Aim of the exercise
Line by line, output everything from the one that contains "If you go back" through the end of the material below, exactly as written and with no pictures.

Recorded data

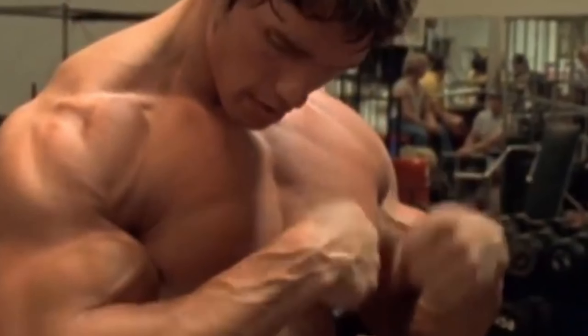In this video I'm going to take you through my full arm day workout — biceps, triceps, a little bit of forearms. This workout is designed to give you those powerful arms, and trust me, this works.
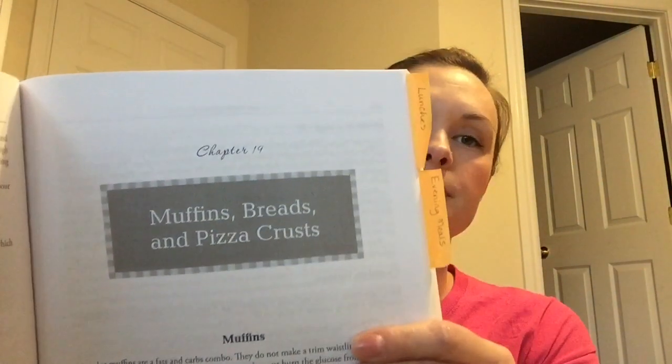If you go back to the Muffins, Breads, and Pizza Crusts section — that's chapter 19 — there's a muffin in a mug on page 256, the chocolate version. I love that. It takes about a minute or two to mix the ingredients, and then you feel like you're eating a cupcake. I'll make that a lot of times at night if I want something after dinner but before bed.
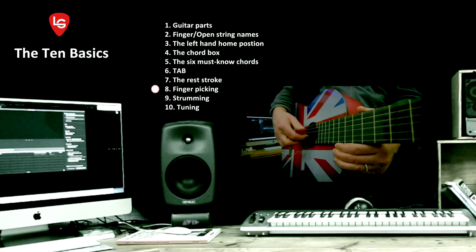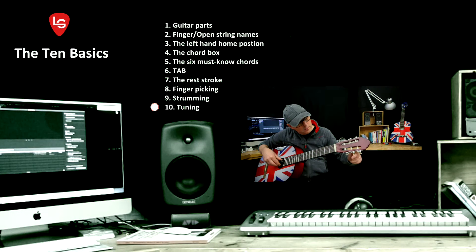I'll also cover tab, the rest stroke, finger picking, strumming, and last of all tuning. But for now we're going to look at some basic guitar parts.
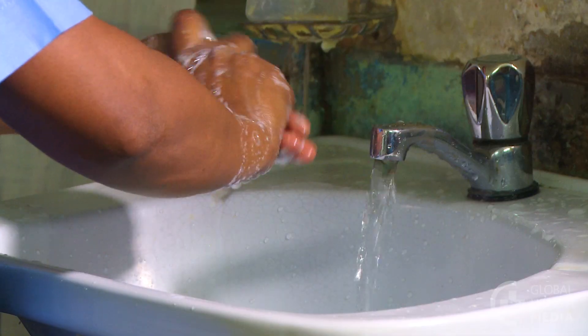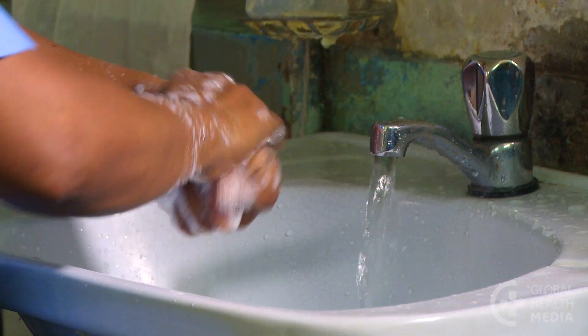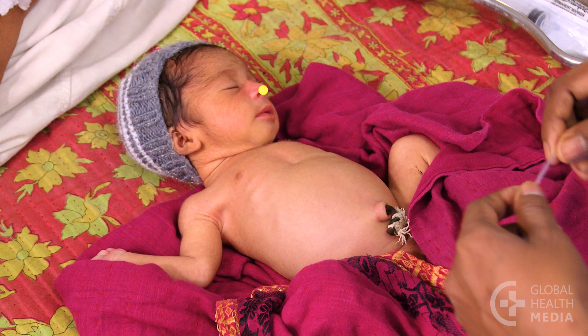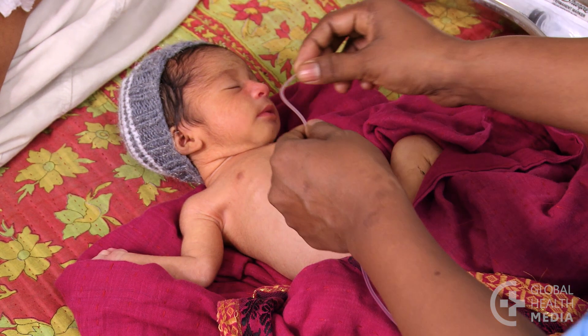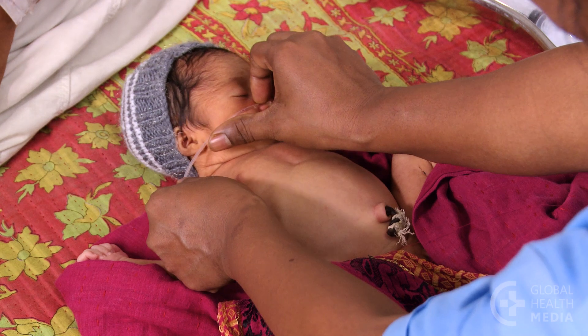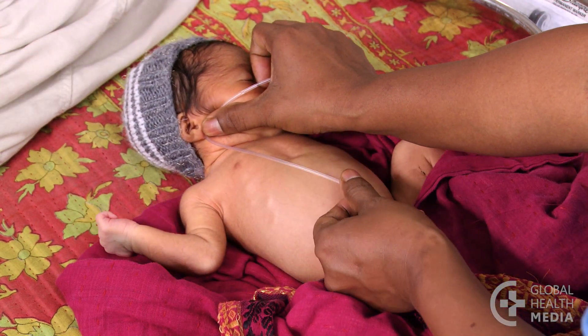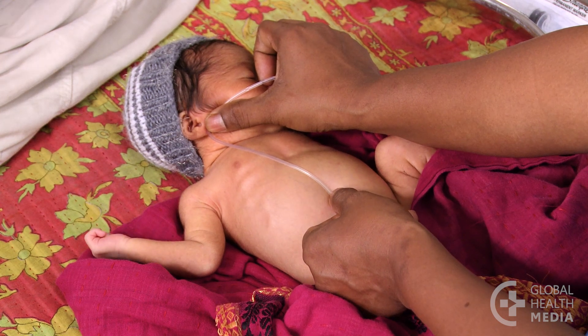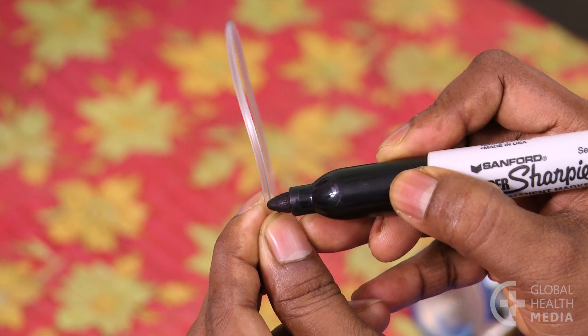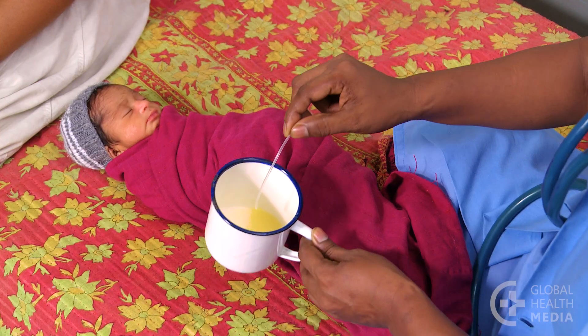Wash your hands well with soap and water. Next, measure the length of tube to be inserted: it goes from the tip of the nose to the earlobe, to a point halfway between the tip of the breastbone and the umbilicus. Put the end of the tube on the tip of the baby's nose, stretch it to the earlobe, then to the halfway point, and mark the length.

Output
If you go back to the Muffins, Breads, and Pizza Crusts section — that's chapter 19 — there's a muffin in a mug on page 256, the chocolate version. I love that. It takes about a minute or two to mix the ingredients, and then you feel like you're eating a cupcake. I'll make that a lot of times at night if I want something after dinner but before bed.
I'll also cover tab, the rest stroke, finger picking, strumming, and last of all tuning. But for now we're going to look at some basic guitar parts.
Wash your hands well with soap and water. Next, measure the length of tube to be inserted: it goes from the tip of the nose to the earlobe, to a point halfway between the tip of the breastbone and the umbilicus. Put the end of the tube on the tip of the baby's nose, stretch it to the earlobe, then to the halfway point, and mark the length.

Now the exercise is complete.